The Shenzhen-based company announced on Monday that it had raised $150 million from investors including Meituan and Tencent at a valuation of $1 billion. Wang, who was involved in the development and mass production of the Apple Watch and iPhone at Apple from 2016 to 2018, is paying attention to the AI ​​wearable market, which is dominated by Metaplatform.

Wang said there has been some disincentive in Silicon Valley for founders to develop hardware products, avoiding longer development cycles, lower profit upside and inevitable supply chain hurdles compared to AI applications.

“Hardware guys don’t seem to be getting paid as much in Silicon Valley anymore,” he said, adding that talent and capital is instead “intensively” flowing into AI and software agents. “We’re seeing fewer and fewer consumer electronics startups and talented companies around Silicon Valley.”

But across the Pacific, Shenzhen’s talent pool is proving more vibrant, with the city’s cluster of phone, drone and consumer electronics manufacturers producing a rich pool of mechanical, electrical and optical engineers, Wang said.

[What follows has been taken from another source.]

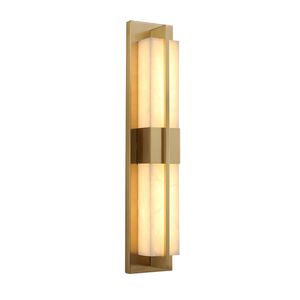 Natural Marble LED Wall Light Contemporary Luxury Classic Gold/Black Copper Wall Sconces Hotel Home Decoration Lighting Fixtures Ny ankomst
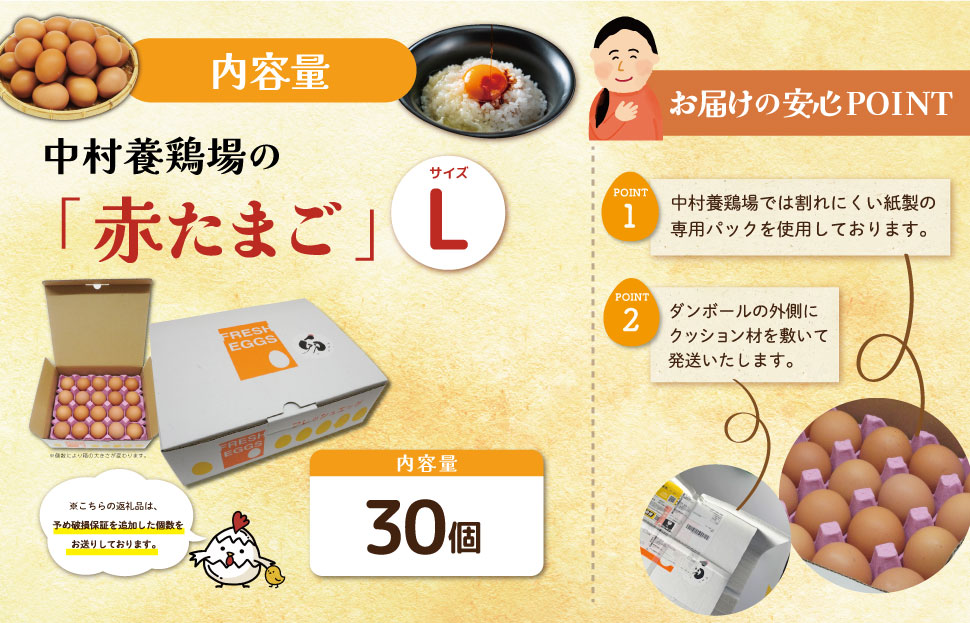 新鮮たまご 赤玉 Lサイズ 30個 明和町 中村養鶏場 卵 たまご 生卵 生たまご 鶏卵 国産 濃厚 ny2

Shenzhen is home to many of China’s biggest technology companies, including Tencent, Huawei, drone maker DJI and electric car giant BYD, and continues to attract a new generation of founders building companies from camera maker Insta360 to robotics company UBTech.

However, more than half of Even Realities’ users are based in the United States, which remains an important market for startups looking to expand globally.

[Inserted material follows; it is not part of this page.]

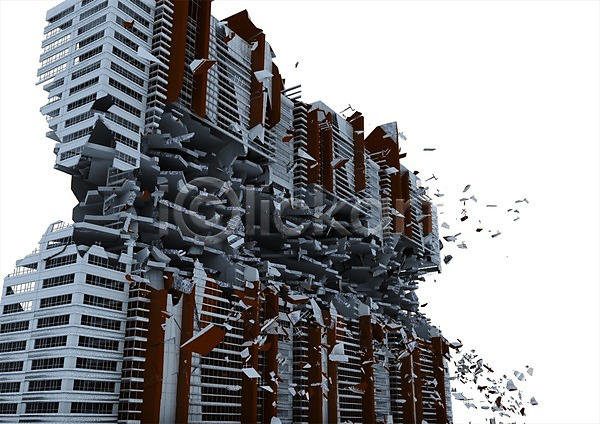 사람없음 3D PSD 입체 편집이미지 3D소스 건물 건축 건축물 고층빌딩 균열 그래픽 붕괴 빌딩 손상 조각 조각(피스) 파편 편집소스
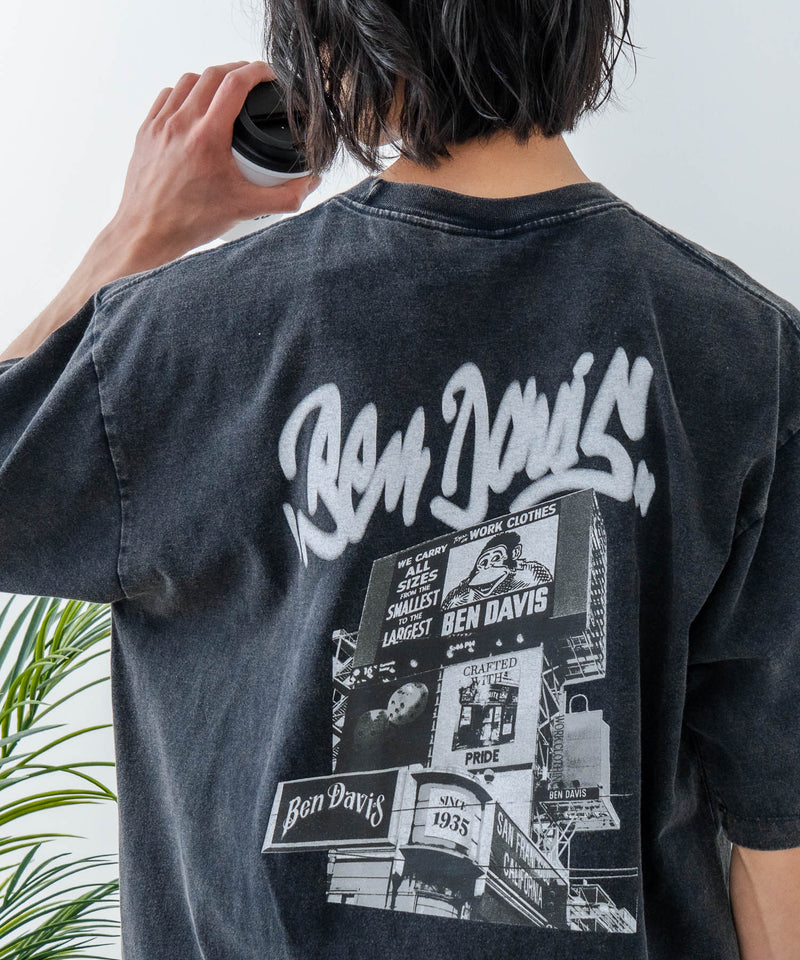 【BEN DAVIS/ベンデイビス】パウダーブリーチ加工 Tシャツ 半袖 クルーネック オーバーサイズ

Several Chinese startups are eyeing AI-related consumer hardware and are betting on the country’s manufacturing depth to offset the US lead in software.

Even Reality’s domestic rival Lokid is valued at $2.58 billion after raising money from investors including Singapore state investor Temasek, while smaller Reineo is valued at $239.9 million, according to Pitchbook.

Asked whether the startup was intentionally raising money only from investors from China, Wang said Chinese backers were “just moving fast and close to us,” but said the next round would target “more global investors” to help expand overseas.

Even Realities is primarily funded by Chinese venture firms including CDH Investments, Monolith Management, and CVC Capital, and in January raised an undisclosed amount from Unicorn Capital Partners and Cyanhill Capital.

The company, founded in 2023, launched the Even G2 smart glasses late last year, alongside the Even R1, a ring that controls the display. Unlike Meta’s camera-equipped Ray-Ban product line, the G2 has no camera or recording hardware and provides notifications, navigation, and live translation through a heads-up display on the lens.

—CNBC’s Chery Kang and Jenny Lee contributed to this report.